Tra un colorato assortimento di fiori selvatici e il ronzio armonioso di api e farfalle che volteggiano in cerchio, l'estetica delle cosiddette fattorie solari amiche degli impollinatori può incuriosire gli sviluppatori, facilitando il marketing.

Ma i sostenitori affermano che gli incentivi per incorporare erbe autoctone e fiori selvatici in un impianto solare si estendono ben oltre la pubblicità appariscente.

Una ricerca pubblicata dal Center for Business and the Environment di Yale ha scoperto che il solare amico degli impollinatori può aumentare i raccolti, aumentare la ricarica delle acque sotterranee, ridurre l'erosione del suolo e fornire risparmi sui costi a lungo termine nelle operazioni e nella manutenzione. La ricerca ha anche scoperto che creando un microclima più fresco, la vegetazione perenne può aumentare l'efficienza dei pannelli solari, aumentando la loro produzione di energia.

"Ho visto questo come un modo potenziale per spianare il percorso verso un maggiore sviluppo solare", ha detto Katie Siegner, un associato con lo studio di elettricità del Rocky Mountain Institute che è coautore del rapporto di Yale, riferendosi ai vantaggi descritti dagli autori.

Siegner ha affermato di sperare che i risultati possano aiutare a sfatare i timori dei progetti solari che soppiantano i terreni agricoli, mostrando un modo in cui potrebbero aiutare a sostenere gli agricoltori locali e portare nuovi benefici sociali, ambientali ed economici alle comunità rurali.
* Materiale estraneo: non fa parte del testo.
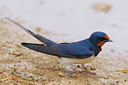 BUITEN BEELD Foto: 69861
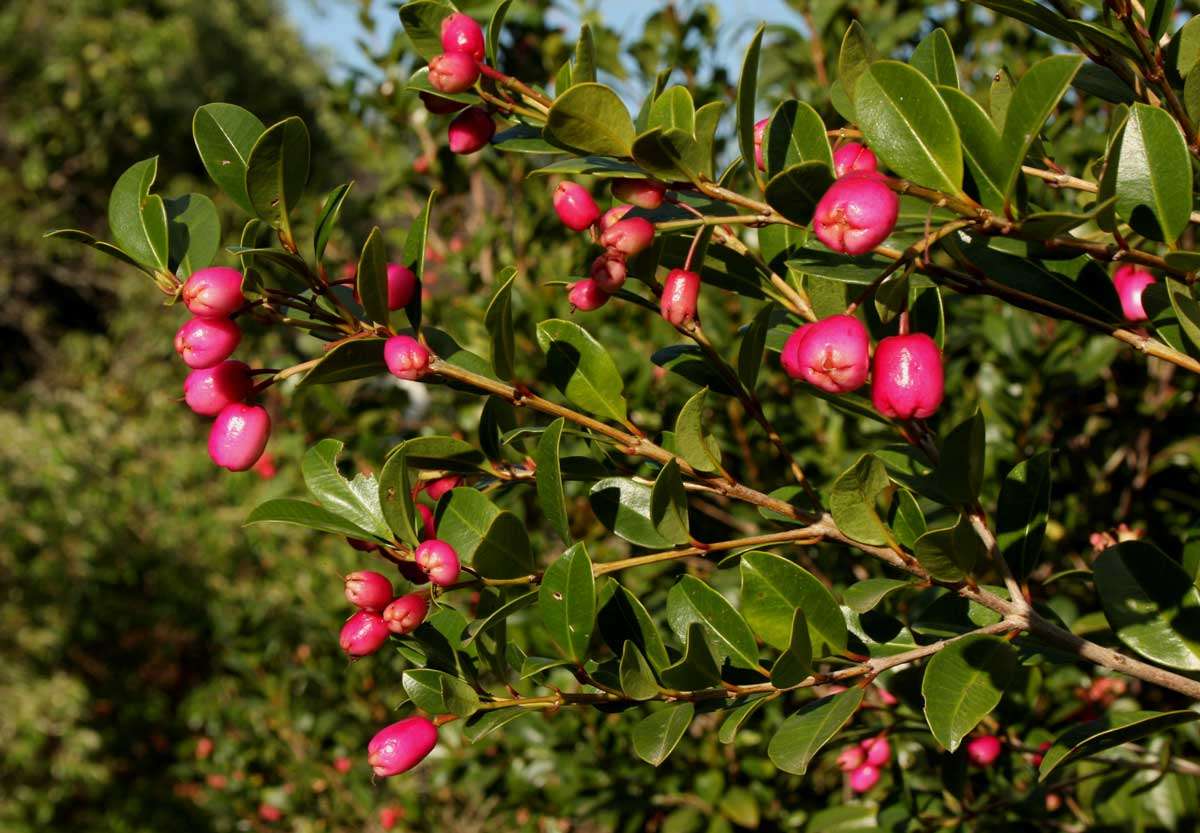 Image of Bush Cherries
La capacità di costruire ponti con le comunità locali è solo una delle ragioni per cui i progetti solari compatibili con gli impollinatori sono diventati una tendenza in crescita negli ultimi anni tra le utility, gli sviluppatori solari e le aziende che stanno cercando più in generale di avere un impatto sociale e ambientale positivo, riducendo il loro carbonio orma.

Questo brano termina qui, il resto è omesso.